More to Come


Credit controversy

Shortly after its release, the album sparked some debate in the media concerning its songwriting credits, mainly the liner notes' contention of "All songs written by Bob Dylan", which appears in most editions of Modern Times.


Many of the album's songs have roots in well-known older compositions, though in all cases, Dylan has given the songs new lyrics.

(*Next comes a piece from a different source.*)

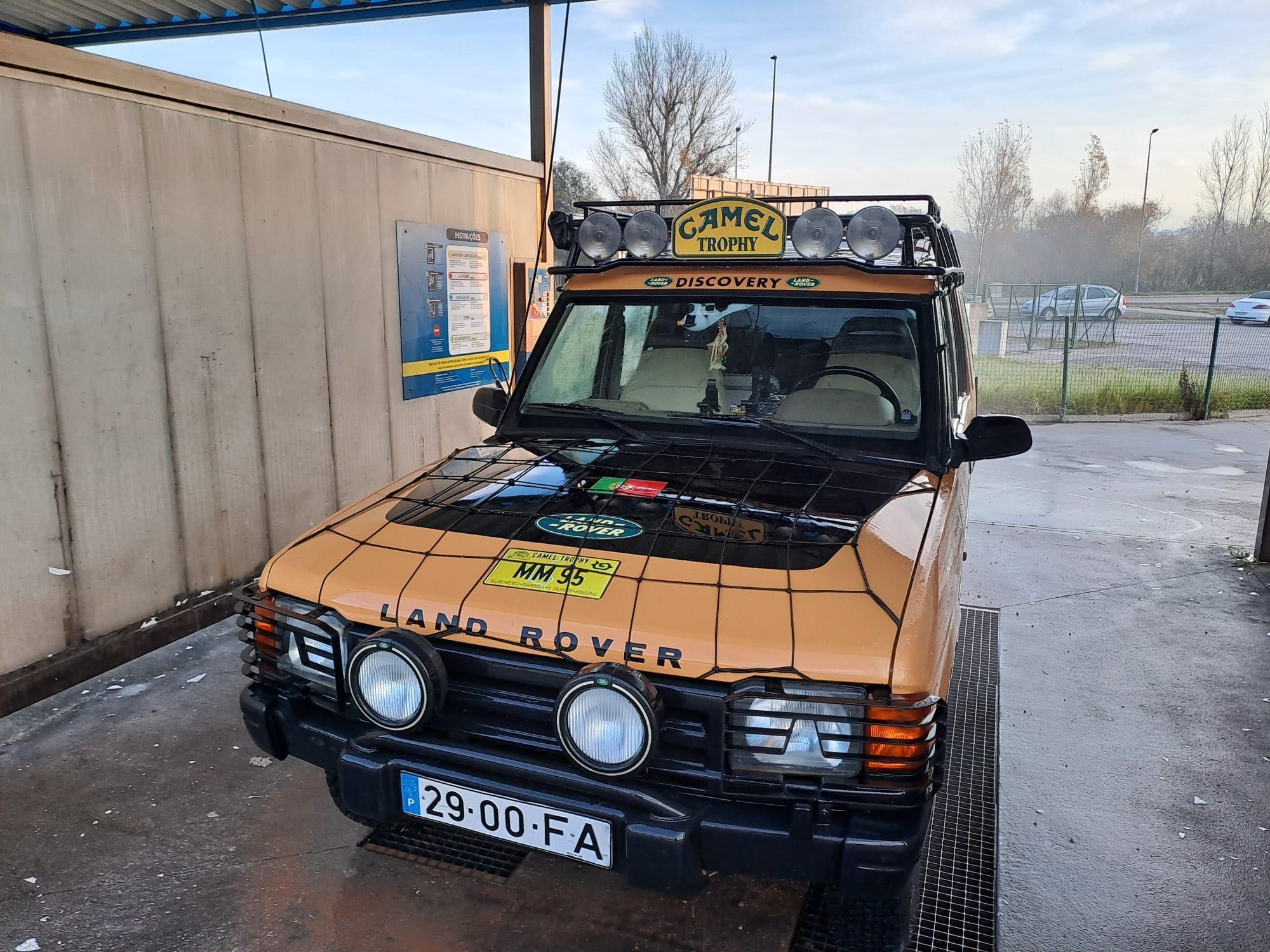 Discovery Camel Trophy Mundo Maia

  • "Thunder on the Mountain" has a second verse based on the song "Ma Rainey" by Memphis Minnie. Dylan cuts and shuffles Memphis Minnie's lyrics substituting Alicia Keys and Hell's Kitchen for Ma Rainey and her Georgia birthplace. The reference to Keys was listed by Rolling Stone as among the "ten weirdest shoutouts" in song.[3] The guitar licks and riffs are typical of Chuck Berry's famous records, with the melody sounding closest to "Let It Rock."[4]
  • "Rollin' and Tumblin'" is a blues standard first recorded and possibly written by the bluesman Hambone Willie Newbern. An arrangement very similar to Dylan's but with different lyrics was a hit for Muddy Waters, who is also credited with writing the song. Except for the first verse, all the lyrics in Dylan's version are original.
  • "When the Deal Goes Down" is based on the melody of "Where the Blue of the Night (Meets the Gold of the Day)", a signature-song for Bing Crosby.[5]
  • "Someday Baby" is based on an old standard that can be traced back to "Worried Life Blues", recorded by Sleepy John Estes, and made famous in versions by Lightnin' Hopkins and Muddy Waters. It is sometimes referred to as "Trouble No More", and often credited to Muddy Waters.
  • The chorus of "Working Man's Blues" features the line, "Meet me at the bottom, don't lag behind, bring me my boots and shoes." The unusual phrasing appears to have been borrowed from cool jazz singer June Christy's 1946 song "June's Blues", which contains the words, "Meet me in the bottom, bring me my boots and shoes". Dylan has showed an affinity for Christy's music, and played a number of her songs throughout the course of his Theme Time Radio Hour XM program.[6] The line also appears as "Meet me in the bottom, bring me my running shoes", in the Willie Dixon song "Down in the Bottom" (it itself an adaptation of "Rollin' and Tumblin'"), recorded by Howlin' Wolf. A similar variant appears in Big Joe Williams's song "Meet Me Around the Corner" ("Meet me around the corner, bring me my boots and shoes").
  • "Beyond the Horizon" is based around the song "Red Sails in the Sunset," written by Jimmy Kennedy and Hugh Williams in 1935 using its melody and basic structure.
  • "Nettie Moore" takes its title, and some of its chorus, from an 1857 composition "Gentle Nettie Moore" by Marshall Pike and James Lord Pierpont, the composer of "Jingle Bells", though Dylan's melody and lyrics are otherwise unrecognizable, although the song shares a rhyme with "Moonshiner", a traditional folk song that Dylan recorded in 1963: "They say whiskey will kill ya, but I don't think it will" vs. "If whiskey don't kill me, I don't know what will."
  • "The Levee's Gonna Break" is based on "When the Levee Breaks" by Kansas Joe McCoy and Memphis Minnie. It has been previously adapted by rock acts such as Led Zeppelin. The song has also been in the public domain since 2004.
  • "Ain't Talkin'" derives its chorus from the more up-tempo "Highway of Regret" by The Stanley Brothers. The lyrics of the first verse seem to be derived from the first verse of "As I Roved Out", a traditional Irish song.